El ser humano es el único animal que tiene conciencia de la certeza de su muerte, a pesar de lo cual  lucha desesperadamente contra ella tratando, primero, de mantenerse vivo  el mayor tiempo posible.  Luego, consciente de su inevitable deceso, trabajará por alguna forma de perdurabilidad, como negándose en redondo a desaparecer. Es lo que se llama sobrevivir o trascender. Sobrevivir y trascenderse  en los hijos y en los nietos, o en el  recuerdo de tu vida, de tu obra o simplemente de tu nombre. Lo importante es, pues, no desaparecer y quedar al menos presentes, de alguna forma, en la memoria y el recuerdo del mayor número de gente posible. “Tus hijos o tus amigos no te olvidan”, rezan las lápidas de nuestros cementerios.

A  los seres humanos nos es mucho más fácil  pensar y concebir la posibilidad de vivir eternamente, de no tener fin, de una forma  u otra, que la posibilidad de no haber nacido, de haber existido desde siempre, de no tener principio. Por eso, cuando a un niño le hablan de Dios, lo primero que se le ocurre preguntar es aquello de “sí, pero ¿quien hizo a Dios?”  Efectivamente, a todos nos es  fácil  concebir o  comprender que exista alguien, nosotros incluidos, que pueda vivir para siempre, pero nos resulta inconcebible que pueda haber alguien, Dios incluido, que haya vivido desde siempre. En el fondo, es nuestra experiencia la que pone los límites a nuestro pensamiento. No hemos tenido aún la experiencia de nuestra muerte, por mucho que la sepamos cierta, y por ello entendemos la posibilidad de no morir nunca. Pero sí hemos experimentado nuestro nacimiento, por mucho que lo hayamos olvidado, y no podemos entender la posibilidad de vivir sin haber nacido, sin haber empezado a vivir en algún momento.

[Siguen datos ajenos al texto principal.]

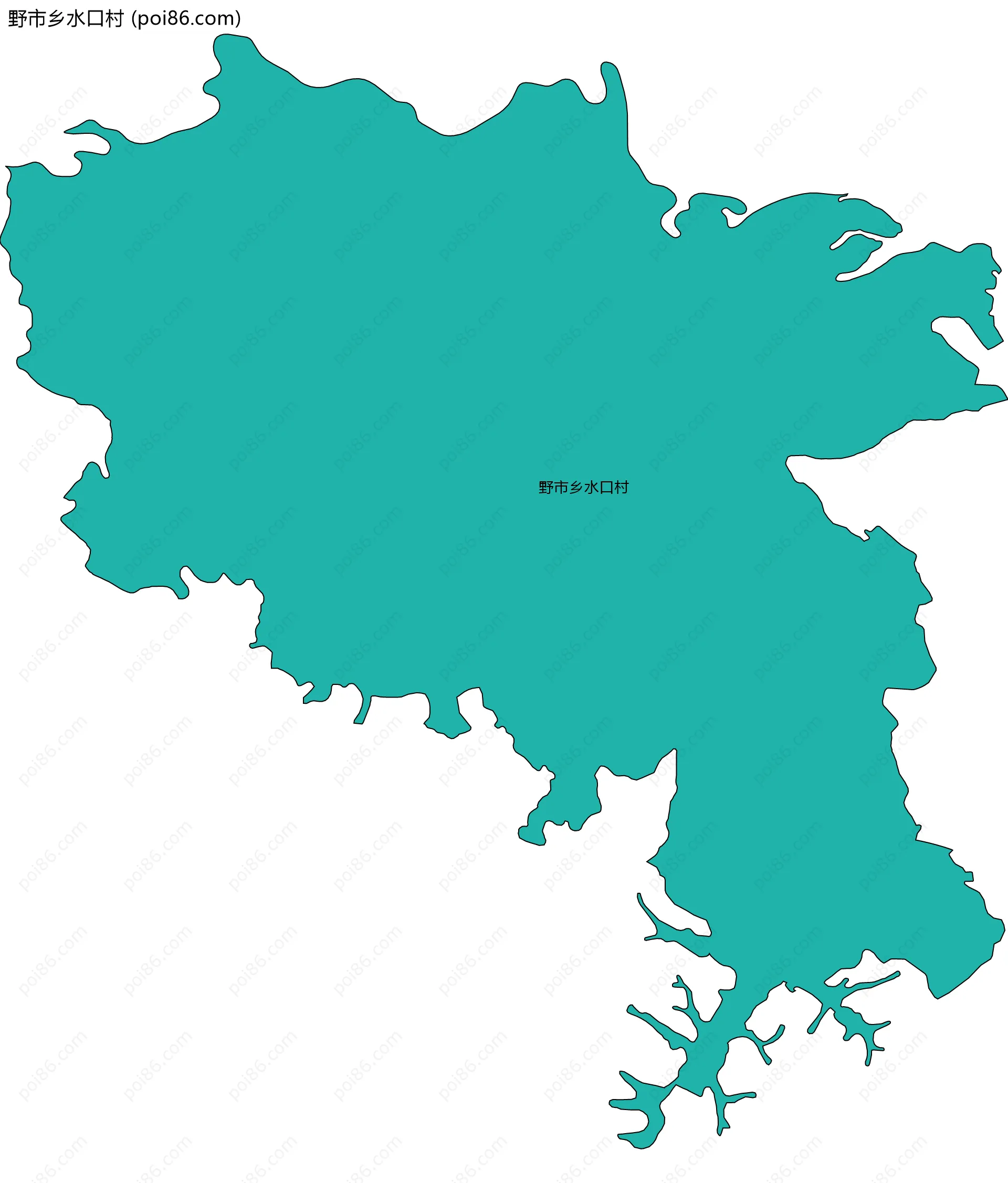 野市乡水口村边界地图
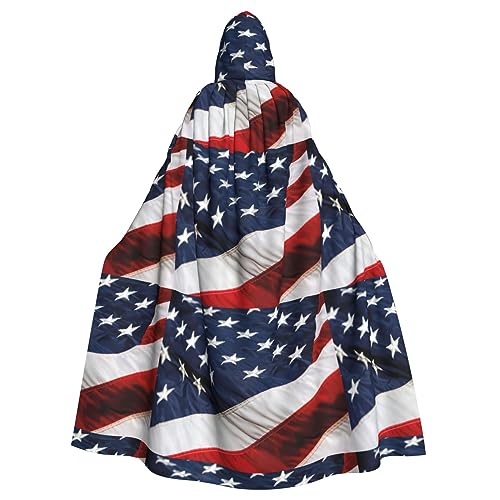 Bxzpzplj Umhang mit amerikanischer Flagge, voller Länge, mit Kapuze, Unisex, Cosplay-Kostüme, Umhang für Erwachsene, 185 cm von Bxzpzplj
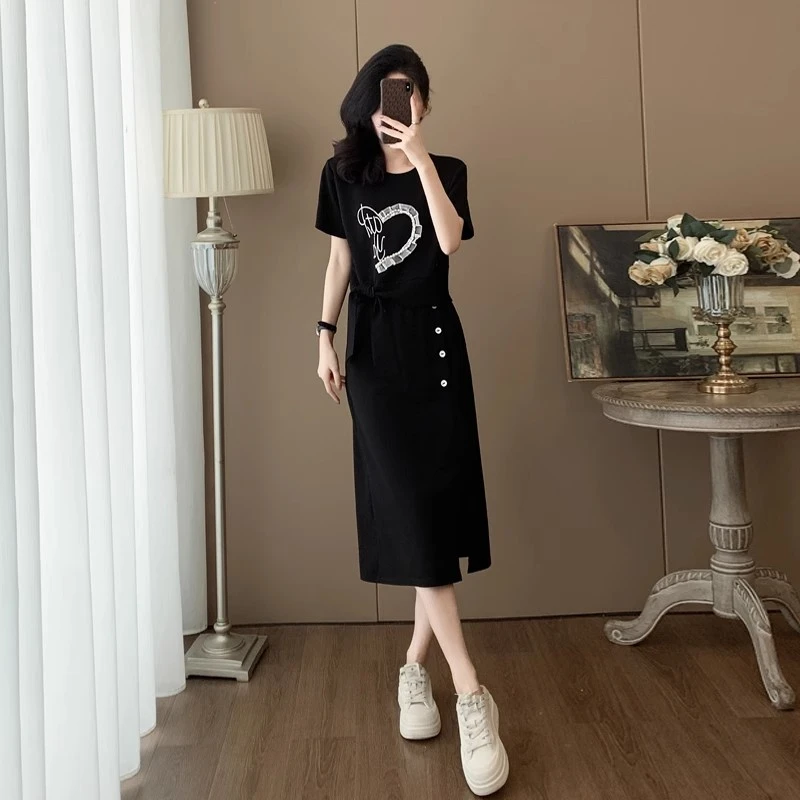 韩版气质休闲时尚套裙女夏季设计感网纱拼接短袖上衣半身裙两件套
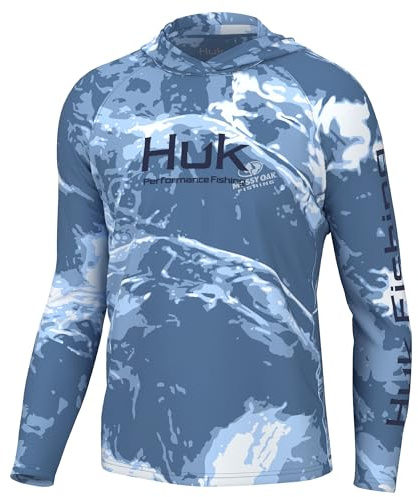HUK Mens Pursuit Pattern Hoodie, Sun Protecting Fishing Shirt with Hood, Mossy Oak - Stormwater Spindrift, Small
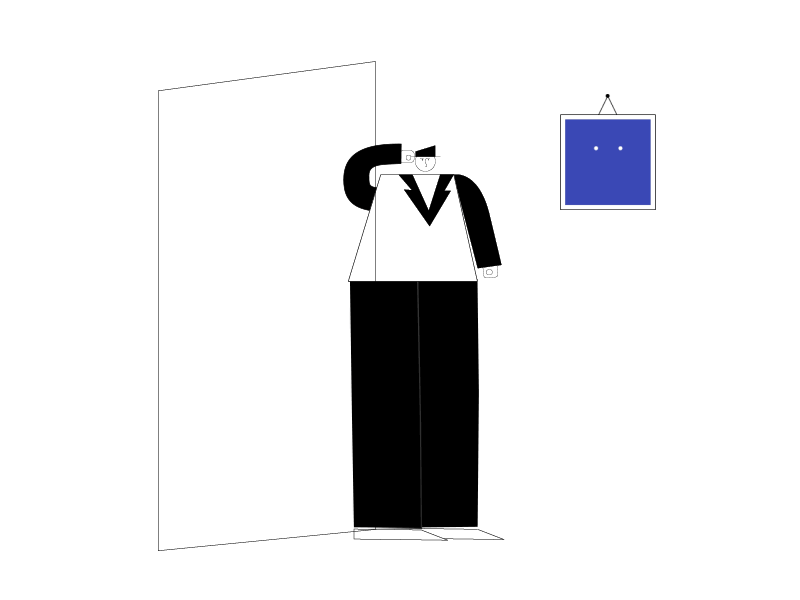 Man gif hat illustration loop man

Nos asusta, pues, nuestra muerte. Nos asusta mucho cuando pensamos en ella y tratamos de no hacerlo, pero es imposible  porque nos la encontramos a diario en  la familia, en los amigos o en las noticias truculentas de todos los días y nos sobrecoge siempre. Tratamos incluso de superarla con el humor, pero hasta el humor se vuelve negro cuando de la muerte se trata.  Inventamos entonces “la otra vida” que siempre es eterna y desde luego mejor que esta, que para eso la inventamos nosotros, pero hemos de reconocer que de poco nos sirve. Primero, porque ya los más avispados  han convertido el invento en su negocio y nos sacan la pasta con ello, predicándonos que también la otra vida puede ser mala o incluso peor, si no pagas en concepto de indulgencias, perdones u otros productos financieros especulativos: trascendentes, intangibles pero muy rentables. Y segundo, porque a esa “otra vida”, aún asegurada por bien pagadas plegarias y ofrendas, nadie en su sano juicio quiere ir y  sale del alma  retrasar todo lo posible el momento fatal.

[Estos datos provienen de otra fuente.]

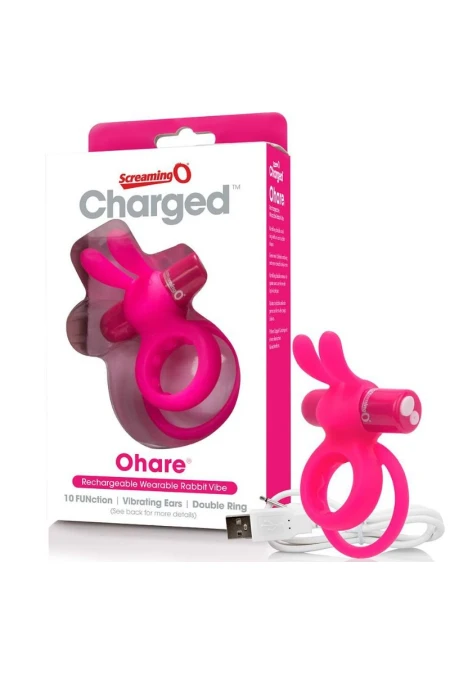 Rechargeable Double Ring With Rabbit Hare Pink - Screaming O  D-212512 | Intimitis.ro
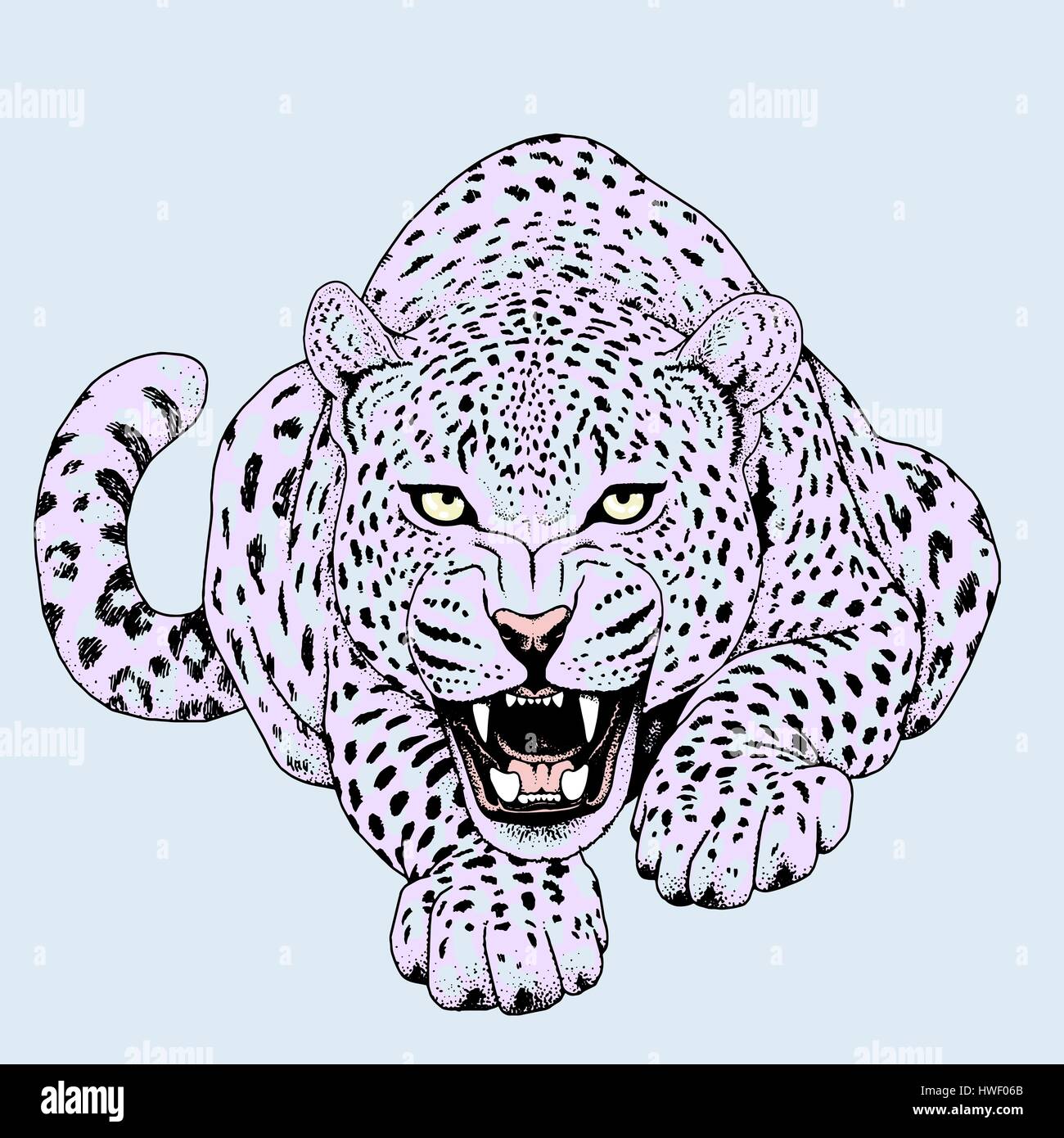 Leopard tattoo face ,Vector illustration, d'impression Illustration de Vecteur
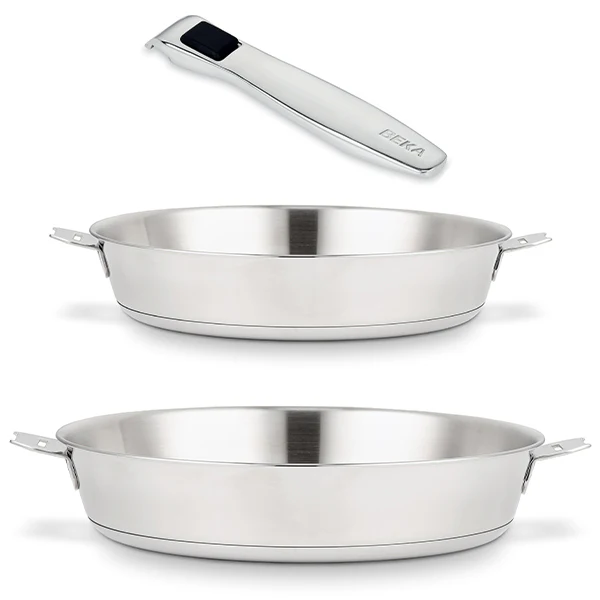 Lot 2 poĂȘles tout inox Evolution 24 et 28 cm et manche amovible Beka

Parece que lo más razonable es asumir la muerte, con madurez y equilibrio, como la parte final  de un gratificante proceso vital. Si no interferimos negativamente, parece que  lo natural es que la naturaleza misma nos prepare para diluirnos plácidamente como la mar, en calma, lame la arena. Es, stricto sensu, la eutanasia: la muerte buena.

Tenía razón Epicuro: el temor a la muerte es uno de los miedos a combatir y superar para lograr esa áurea mediócritas,  clave de nuestra dicha segura y posible. Inmanente.